→ Work order
Transcribe each line of the records below exactly, excluding any embedded images.

Scraped caption text data
※ ※ ※

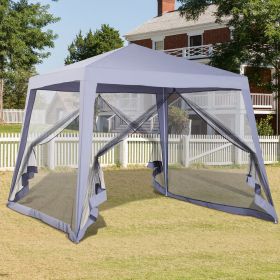 Gazebo Tent Event Shelter - Grey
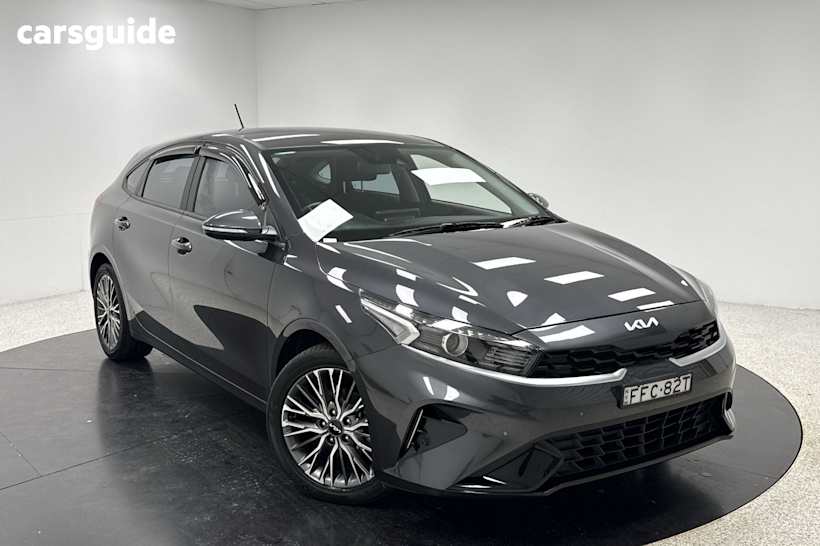 Grey 2023 Kia Cerato Hatch SPORT F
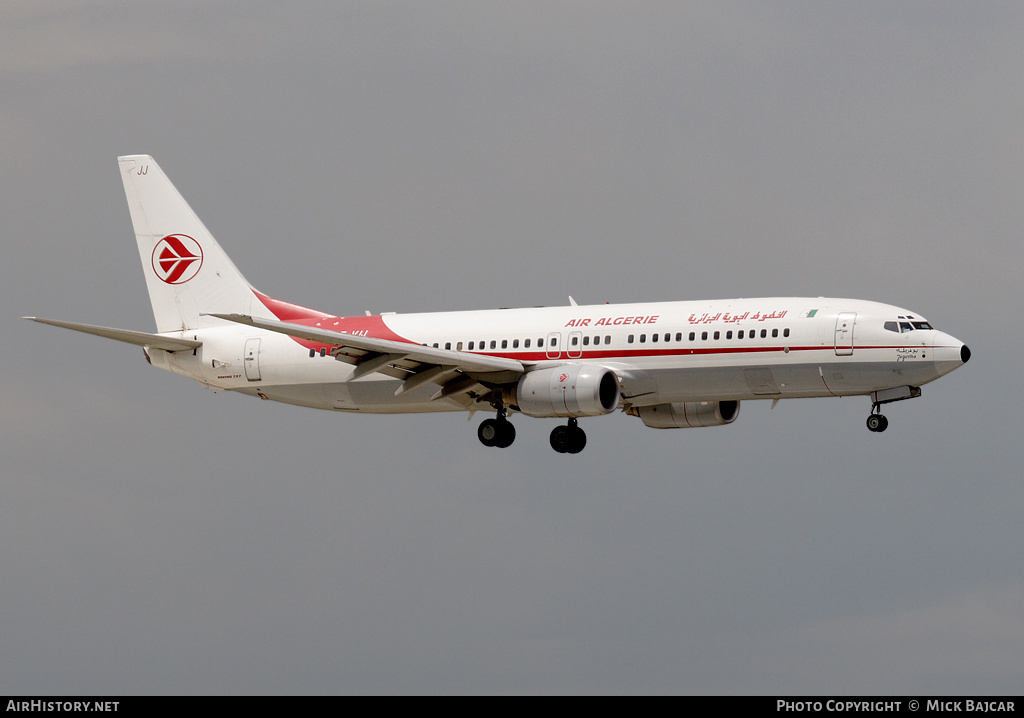 Aircraft Photo of 7T-VJJ | Boeing 737-8D6 | Air Algérie | AirHistory.net #22520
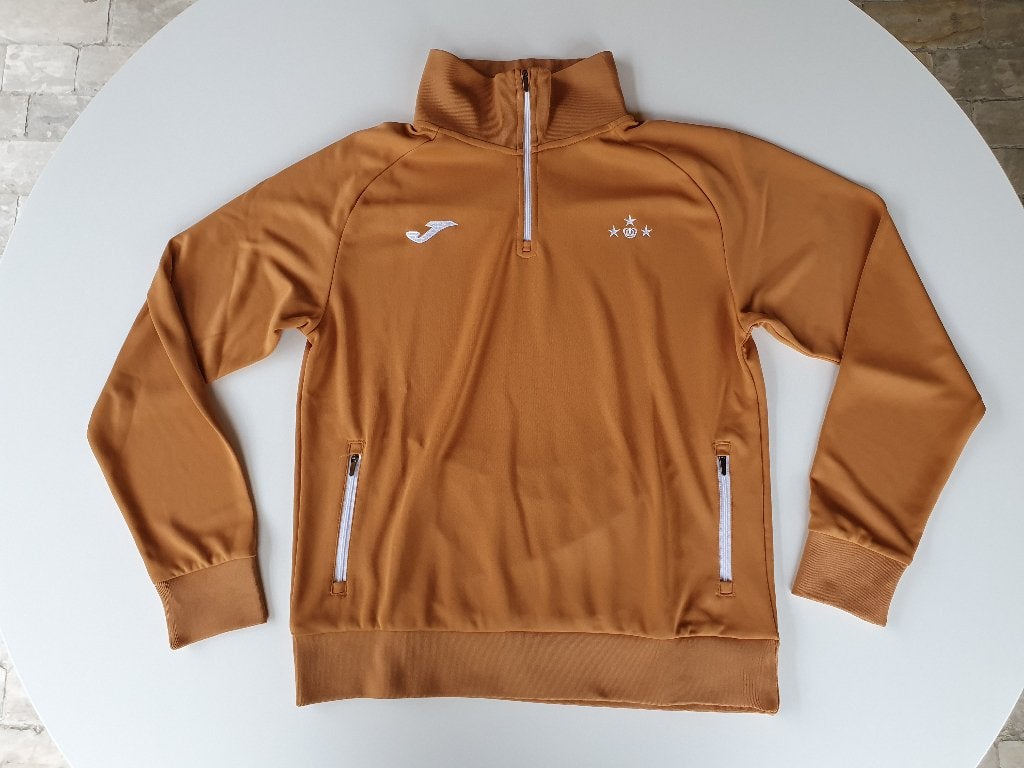 Pre-match sweater Anderlecht (Joma, M), Enlèvement ou Envoi, Utilisé
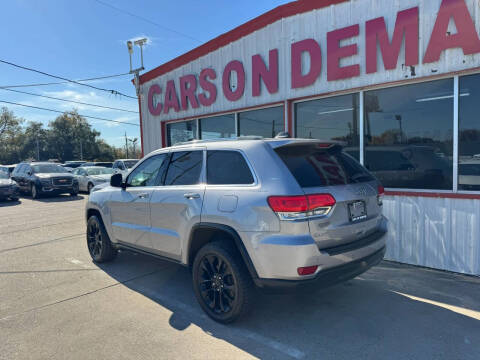 2016 Jeep Grand Cherokee Laredo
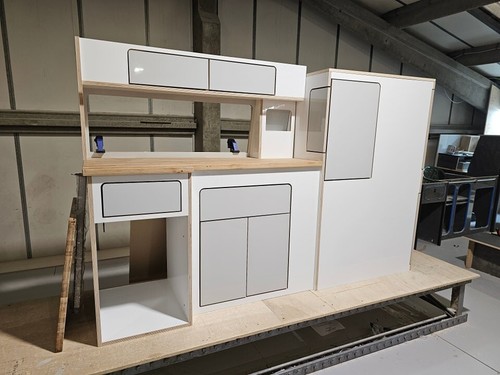 Birch ply furniture - t5/t6,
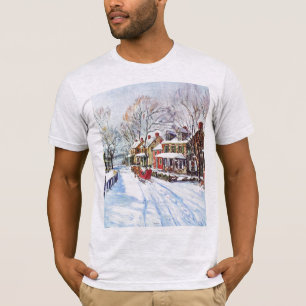 T-shirt Le pays des merveilles d'hiver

※ ※ ※

→ Task output
 Gazebo Tent Event Shelter - Grey
 Grey 2023 Kia Cerato Hatch SPORT F
 Aircraft Photo of 7T-VJJ | Boeing 737-8D6 | Air Algérie | AirHistory.net #22520
 Pre-match sweater Anderlecht (Joma, M), Enlèvement ou Envoi, Utilisé
 2016 Jeep Grand Cherokee Laredo
 Birch ply furniture - t5/t6,
 T-shirt Le pays des merveilles d'hiver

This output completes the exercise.